I’ve written a couple of times about the increasing capacity for machines to understand and appreciate images. For instance, the Visual Genome was developed by professors at the Stanford Artificial Intelligence Lab and aims to tackle some of the toughest questions in computer vision, with the eventual goal of developing machines that can understand what it sees.
Likewise, engineers at Google have been working on a project, called PlaNet, which trained a neural network to give a good guess as to where in the world an image was taken.
Modelling visual information
British startup Magic Pony Technology are aiming to take things a step further by building a machine learning based algorithm to enable computers to model visual information.
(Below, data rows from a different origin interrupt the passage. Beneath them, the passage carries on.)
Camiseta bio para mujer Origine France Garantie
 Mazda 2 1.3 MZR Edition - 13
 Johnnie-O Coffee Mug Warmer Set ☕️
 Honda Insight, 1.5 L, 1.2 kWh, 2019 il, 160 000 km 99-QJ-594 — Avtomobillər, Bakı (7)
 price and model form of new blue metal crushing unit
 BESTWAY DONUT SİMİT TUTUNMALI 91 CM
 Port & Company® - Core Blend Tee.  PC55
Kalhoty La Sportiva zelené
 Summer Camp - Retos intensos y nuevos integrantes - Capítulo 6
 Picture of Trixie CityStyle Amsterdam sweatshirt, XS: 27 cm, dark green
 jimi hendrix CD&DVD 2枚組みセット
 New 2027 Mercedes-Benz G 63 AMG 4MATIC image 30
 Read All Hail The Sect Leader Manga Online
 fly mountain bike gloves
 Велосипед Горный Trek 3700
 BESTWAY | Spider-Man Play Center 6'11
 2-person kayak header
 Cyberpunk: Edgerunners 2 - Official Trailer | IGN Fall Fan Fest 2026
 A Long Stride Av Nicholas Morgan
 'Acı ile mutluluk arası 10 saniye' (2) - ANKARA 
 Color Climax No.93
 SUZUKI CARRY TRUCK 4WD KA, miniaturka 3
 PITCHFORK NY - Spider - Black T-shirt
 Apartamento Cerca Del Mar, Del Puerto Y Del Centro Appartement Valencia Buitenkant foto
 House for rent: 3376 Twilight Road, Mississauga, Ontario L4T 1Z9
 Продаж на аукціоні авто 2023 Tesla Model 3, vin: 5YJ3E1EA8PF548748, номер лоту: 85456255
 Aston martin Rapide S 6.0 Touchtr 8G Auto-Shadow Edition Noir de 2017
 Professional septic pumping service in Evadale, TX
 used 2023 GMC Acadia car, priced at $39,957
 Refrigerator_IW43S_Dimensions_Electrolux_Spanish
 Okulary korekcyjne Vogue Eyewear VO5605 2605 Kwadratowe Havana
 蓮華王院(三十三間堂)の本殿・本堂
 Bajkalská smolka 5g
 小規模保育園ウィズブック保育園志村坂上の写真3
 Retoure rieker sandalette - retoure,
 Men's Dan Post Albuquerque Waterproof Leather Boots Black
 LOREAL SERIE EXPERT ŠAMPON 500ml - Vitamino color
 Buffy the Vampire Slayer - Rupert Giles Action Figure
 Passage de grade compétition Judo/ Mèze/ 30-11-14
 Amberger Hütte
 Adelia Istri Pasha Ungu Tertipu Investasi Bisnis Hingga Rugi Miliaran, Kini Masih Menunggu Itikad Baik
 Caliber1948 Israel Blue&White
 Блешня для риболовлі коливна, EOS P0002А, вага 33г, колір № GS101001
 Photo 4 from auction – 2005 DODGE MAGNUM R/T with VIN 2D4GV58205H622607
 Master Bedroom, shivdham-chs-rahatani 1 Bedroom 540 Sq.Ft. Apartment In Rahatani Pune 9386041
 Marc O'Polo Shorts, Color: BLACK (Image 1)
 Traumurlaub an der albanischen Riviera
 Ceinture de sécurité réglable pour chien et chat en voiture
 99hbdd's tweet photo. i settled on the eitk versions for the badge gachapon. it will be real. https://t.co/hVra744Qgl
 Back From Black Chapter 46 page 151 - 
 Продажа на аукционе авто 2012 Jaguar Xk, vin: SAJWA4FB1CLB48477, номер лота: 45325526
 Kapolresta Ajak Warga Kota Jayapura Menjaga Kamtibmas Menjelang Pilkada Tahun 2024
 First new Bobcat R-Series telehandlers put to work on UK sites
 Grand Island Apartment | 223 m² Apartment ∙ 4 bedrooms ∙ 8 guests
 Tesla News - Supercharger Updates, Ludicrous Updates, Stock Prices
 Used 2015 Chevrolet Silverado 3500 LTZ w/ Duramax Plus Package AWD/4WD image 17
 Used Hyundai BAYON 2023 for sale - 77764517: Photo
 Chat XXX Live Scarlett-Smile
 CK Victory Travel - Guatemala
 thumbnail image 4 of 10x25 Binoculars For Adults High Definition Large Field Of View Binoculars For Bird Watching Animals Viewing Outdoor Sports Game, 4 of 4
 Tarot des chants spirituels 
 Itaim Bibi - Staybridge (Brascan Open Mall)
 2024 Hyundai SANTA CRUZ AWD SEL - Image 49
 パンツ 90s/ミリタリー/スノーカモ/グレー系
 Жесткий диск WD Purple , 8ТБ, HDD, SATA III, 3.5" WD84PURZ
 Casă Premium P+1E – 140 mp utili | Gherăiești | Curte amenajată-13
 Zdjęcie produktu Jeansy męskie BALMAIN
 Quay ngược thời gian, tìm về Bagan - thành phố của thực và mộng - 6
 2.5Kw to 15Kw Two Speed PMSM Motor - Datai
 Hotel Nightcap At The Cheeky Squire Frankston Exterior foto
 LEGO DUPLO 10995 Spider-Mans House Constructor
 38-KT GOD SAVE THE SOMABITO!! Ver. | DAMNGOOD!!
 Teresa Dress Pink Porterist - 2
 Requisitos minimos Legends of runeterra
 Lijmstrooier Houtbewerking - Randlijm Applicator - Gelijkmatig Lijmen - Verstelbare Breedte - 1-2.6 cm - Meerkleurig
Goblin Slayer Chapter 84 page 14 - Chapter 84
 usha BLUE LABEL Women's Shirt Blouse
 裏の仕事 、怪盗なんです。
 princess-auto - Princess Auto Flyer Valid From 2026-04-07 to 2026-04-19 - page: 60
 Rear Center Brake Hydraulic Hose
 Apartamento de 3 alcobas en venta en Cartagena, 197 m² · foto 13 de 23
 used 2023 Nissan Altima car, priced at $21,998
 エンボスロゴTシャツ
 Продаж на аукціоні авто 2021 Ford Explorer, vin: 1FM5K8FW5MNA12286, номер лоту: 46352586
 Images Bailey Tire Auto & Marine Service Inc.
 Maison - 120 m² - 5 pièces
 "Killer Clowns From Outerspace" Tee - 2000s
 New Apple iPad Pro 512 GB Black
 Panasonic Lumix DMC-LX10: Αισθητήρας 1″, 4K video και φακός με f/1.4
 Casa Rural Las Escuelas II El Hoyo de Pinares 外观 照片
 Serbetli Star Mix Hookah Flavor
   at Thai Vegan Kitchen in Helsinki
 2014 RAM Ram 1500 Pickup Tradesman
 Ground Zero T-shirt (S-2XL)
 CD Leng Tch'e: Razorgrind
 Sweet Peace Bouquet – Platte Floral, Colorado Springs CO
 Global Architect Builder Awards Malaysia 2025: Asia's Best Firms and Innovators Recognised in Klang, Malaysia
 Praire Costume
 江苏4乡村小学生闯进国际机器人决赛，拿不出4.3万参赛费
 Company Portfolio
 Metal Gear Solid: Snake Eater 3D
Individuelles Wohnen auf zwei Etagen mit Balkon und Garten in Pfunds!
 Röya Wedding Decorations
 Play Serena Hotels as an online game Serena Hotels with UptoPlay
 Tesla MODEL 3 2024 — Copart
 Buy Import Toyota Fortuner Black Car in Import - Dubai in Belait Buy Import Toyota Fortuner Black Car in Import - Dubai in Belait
The team have developed a mechanism whereby high quality images can be rendered from low quality versions of the same image. The approach is incredibly clever, and sees a lower generation version of an image fed to the machine alongside the normal version. It then compares the difference between the two, and can then perform the trick in reverse.
The founders believe that the method could be particularly valuable in the streaming industry, where video compression remains crucial to its success. They suggest that the deep learning approach they’ve mastered can prove to be invaluable in reducing the need for such compression rates.
Likewise, they believe that the technology could help improve the quality of images captured on smartphones where a combination of low-resolution cameras and low lighting can result in poor quality pictures.
What’s more, unlike the Google method mentioned above, the Magic Pony method doesn’t require humans to label the images manually, but can instead do the job using pattern recognition to teach itself.
The approach is being documented in a paper that will be presented at this year’s Computer Vision conference, and the very act of writing the paper has further helped to refine the approach.
It’s certainly a fascinating approach that should prove well worth keeping an eye on.